The state’s “no net loss” standard has “guided everything we’ve done,” said City Planner Jo Anne Wright.
County leaders also are working on shoreline development rules for their jurisdiction. But state leaders earlier this year intervened, noting that the county was well past its January 2007 deadline. They also cited concerns with the county’s draft plan, including that it didn’t extend its current 50-foot shoreline buffer.
Pineo said the Department of Ecology is drafting rules for the county, though county officials will be allowed to submit a shoreline plan if it’s finished soon.
The city’s plan, which is due by the end of the year, still has a few remaining debates.
They include concerns from Spokane’s former Chief Operating Officer John Pilcher, who says the proposed buffer on his property along Latah Creek could affect the land’s development potential. Pilcher’s acreage is near a future U.S. Highway 195 interchange at Cheney-Spokane Road.
Another issue involves Sans Souci West Mobile Home Park – the location of the former Natatorium Park, the original home of the Looff Carrousel. Sans Souci is grandfathered by old shoreline rules, but officials from the park criticize the rules because more than 30 mobile homes within the 100-foot buffer from the river can’t be replaced.
“The thought would be that this area would be returned to a natural condition over time,” Eadie said.
The City Council is considering new language that would allow mobile homes to be replaced, though state officials have expressed unease with the change. Pineo said he believes a compromise could be found because the majority of Sans Souci is outside the buffer.
City Councilman Richard Rush has questioned a provision that would prohibit construction of trails parallel to the river within a buffer zone.
Eadie noted that some parts of the Centennial Trail are outside of buffers and still have views of the river. He said paved trails can cause significant destruction to habitat.
“That’s your highest functioning natural environment area,” Eadie said. “You have to take out a large swath of vegetation (for a trail), and there can be a lot of impacts.”

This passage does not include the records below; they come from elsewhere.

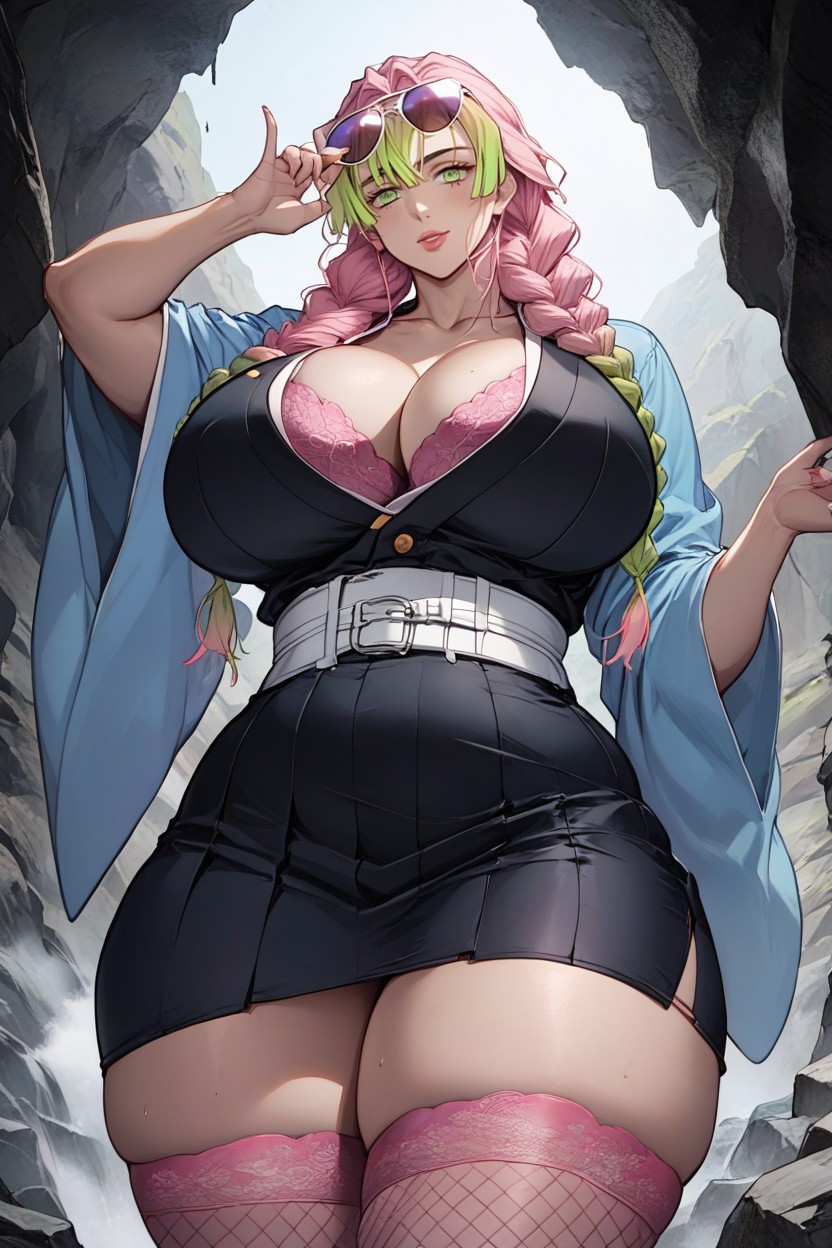 Sitting Down, Pink Laced Bra, Cave Hentai AI Porn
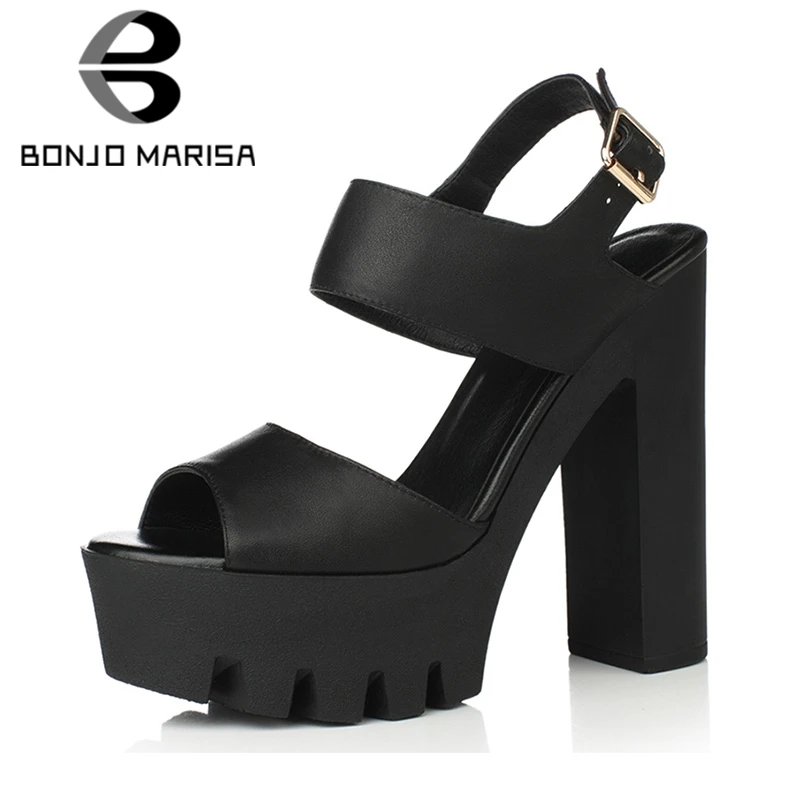 

BONJOMARISA 2020 Ins Sexy Cow Genuine Leather Fashion Women Shoes Woman Platform Square High Heels Party Shoes Woman Sandals
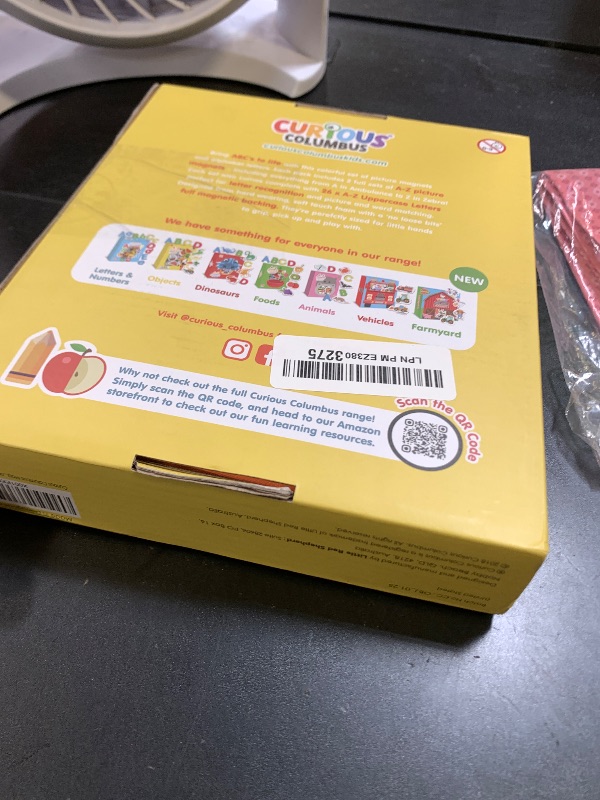 Photo 1 of Curious Columbus Magnetic Objects and Letters. Set of 78 Foam Magnets Including 52 Pictures and 26 Uppercase Alphabet Magnets from A-Z. Educational Toy for Preschool Learning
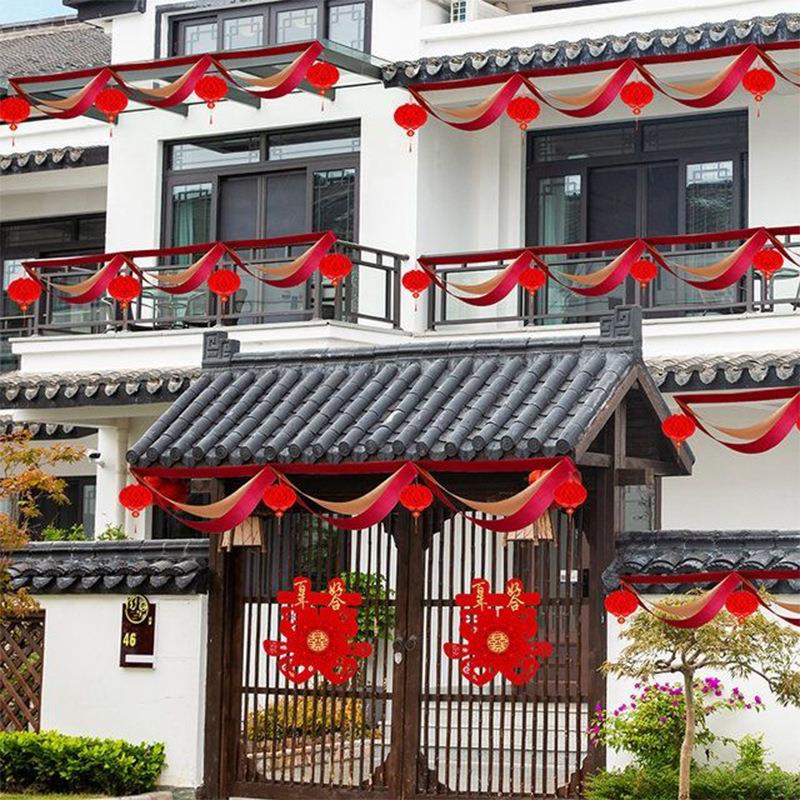 婚庆用品 结婚波浪旗灯笼装饰室外户外农村院子门口波浪拉花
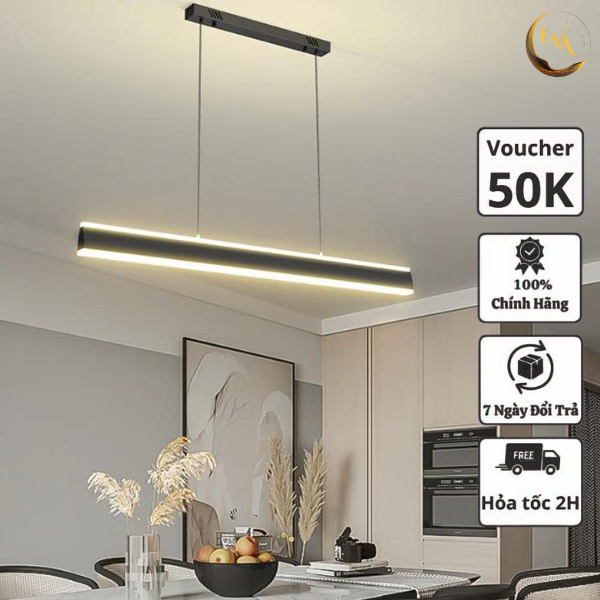Đèn thả bàn ăn EVA L1806 dài 1m2, loại LED 3 chế độ ánh sáng phong cách hiện đại bảo hành 12 tháng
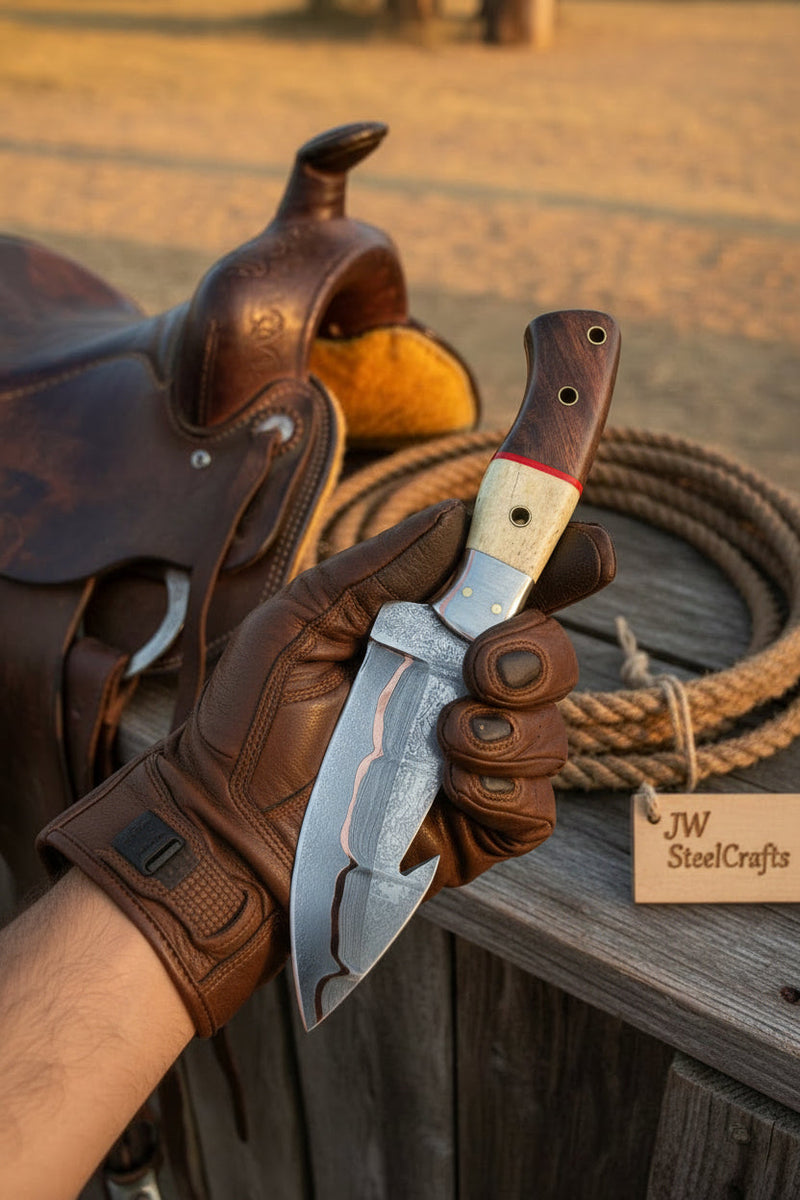 Load image into Gallery viewer, Roughrider Trail Gut Hook Knife 10" Handmade San Mai Steel
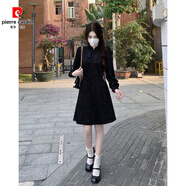 皮爾卡丹大碼小香風(fēng)紅色長(cháng)袖連衣裙女秋冬胖mm收腰加厚新中式新年戰袍裙子 黑色短裙 L 100-115斤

The construction buffer remains unchanged downtown at 50 feet from the shoreline. That means that the downtown YMCA property – where a condominium tower was proposed two years ago – remains open to new development if city purchase of the land falls through.

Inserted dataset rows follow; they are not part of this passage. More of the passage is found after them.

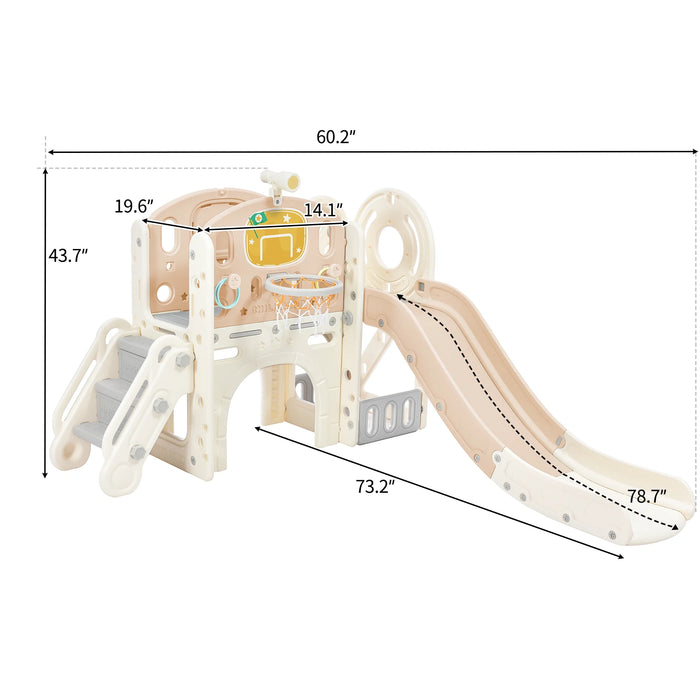 7 in 1 Toddlerplayset, Freestanding Castle Climbing Crawling Playhouse with Basketball Hoop, Toy Storage Organizer, Arch Tunnel,Toss for Kids Gifts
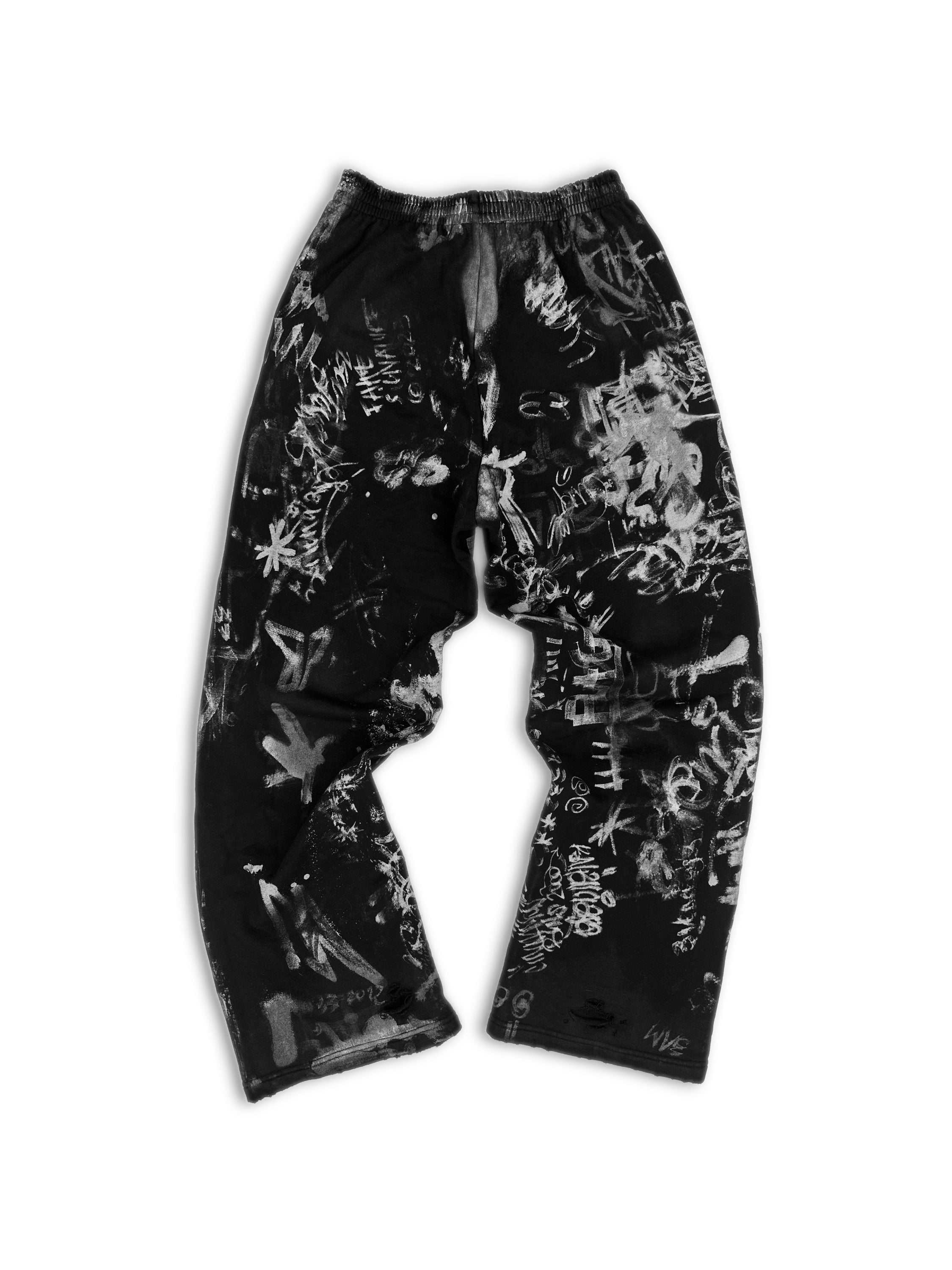 SS23 Balenciaga ‘Graffiti’ Skater Baggy Black Sweatpants
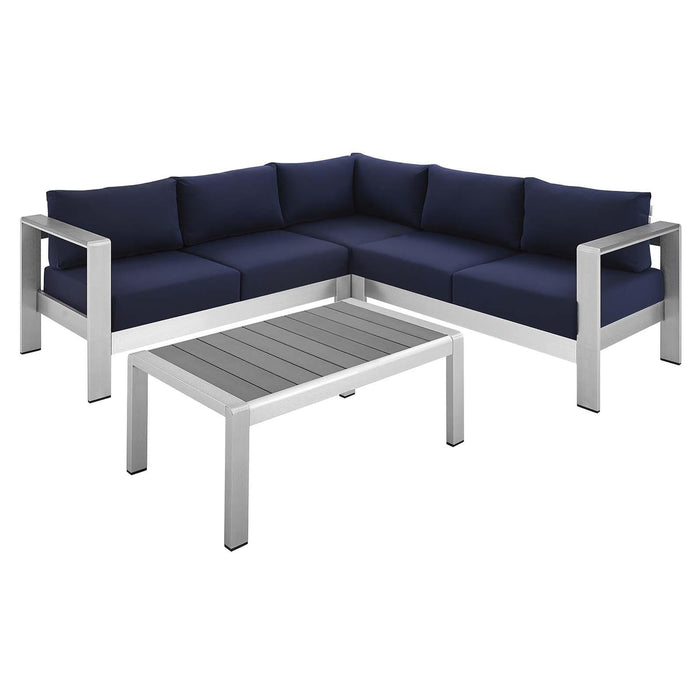 Shore Sunbrella� Fabric Outdoor Patio Aluminum 4 Piece Sectional Sofa Set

On the north side of the river, plans for SRM Development’s Broadway Towers, two 14-story condominium buildings on the YWCA site, likely won’t be affected because the proposal is vested. Although the project meets the 50-foot setback requirement, it wouldn’t fit new guidelines for building height.
The YMCA and YWCA are moving next year to a combined center on North Monroe Street.

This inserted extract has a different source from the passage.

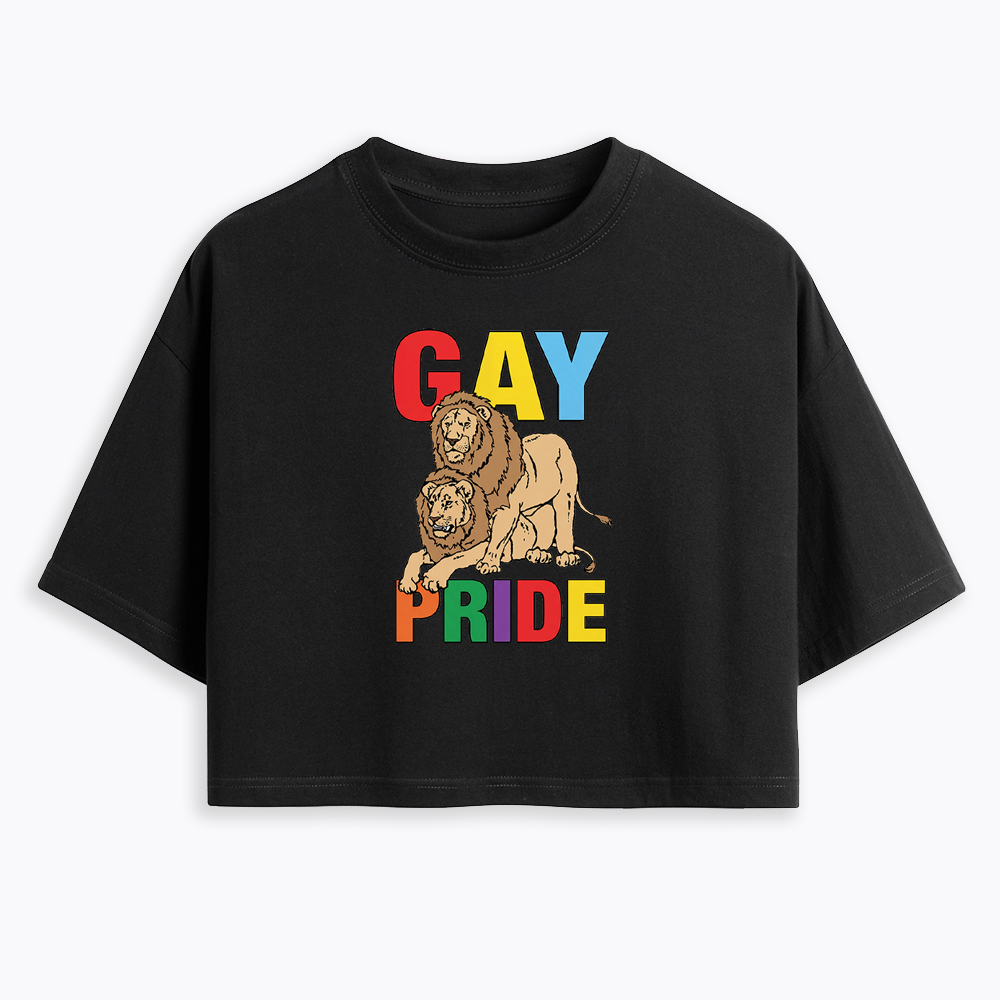 Funny Gay Pride Lion  Cropped T-Shirt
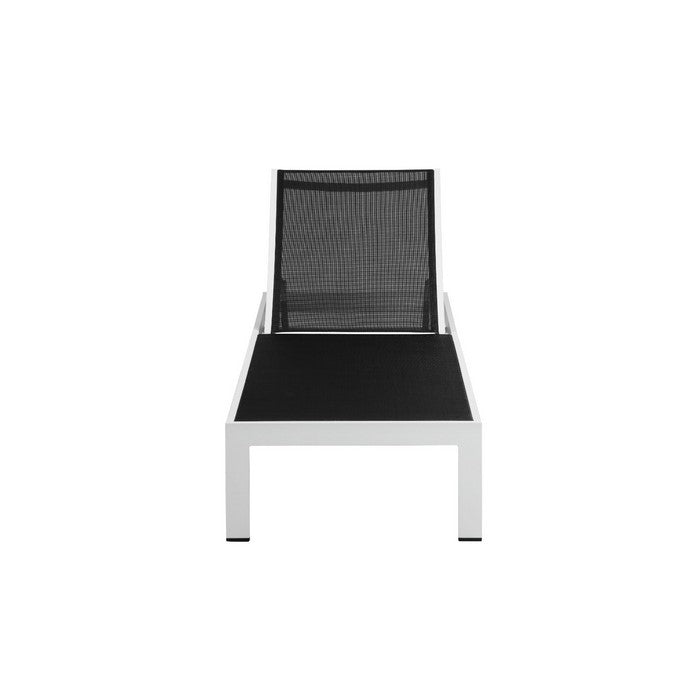Anodized Aluminum Modern Patio Lounger In White and Black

New height regulations are aimed at preventing the construction of buildings that “wall off the river,” Eadie said.
At the YWCA site, a building higher than 55 feet would be limited in width to 145 feet between opposite corners and the size of a floor couldn’t be greater than 10,000 square feet.
Plans for the Broadway Towers show the length between corners is about 155 feet and each floor is about 11,500 square feet, Eadie said. He added that the buildings’ triangular floor plan likely will help preserve views of the river.
“They were trying to create the most amount of views out of a condominium project that they could,” Eadie said. “It actually works for them and it works for the public because you end up with something that’s more of wedge shape rather than just a big block.”
Earlier this week, Spokane Hearing Examiner Greg Smith approved a shoreline conditional-use permit for SRM’s project.
If the City Council agrees to the new shoreline regulations on Monday, final approval by state officials is expected sometime next year.
“We’re very pleased,” Pineo said. “We’re just grateful and optimistic that we’ll get this adopted.”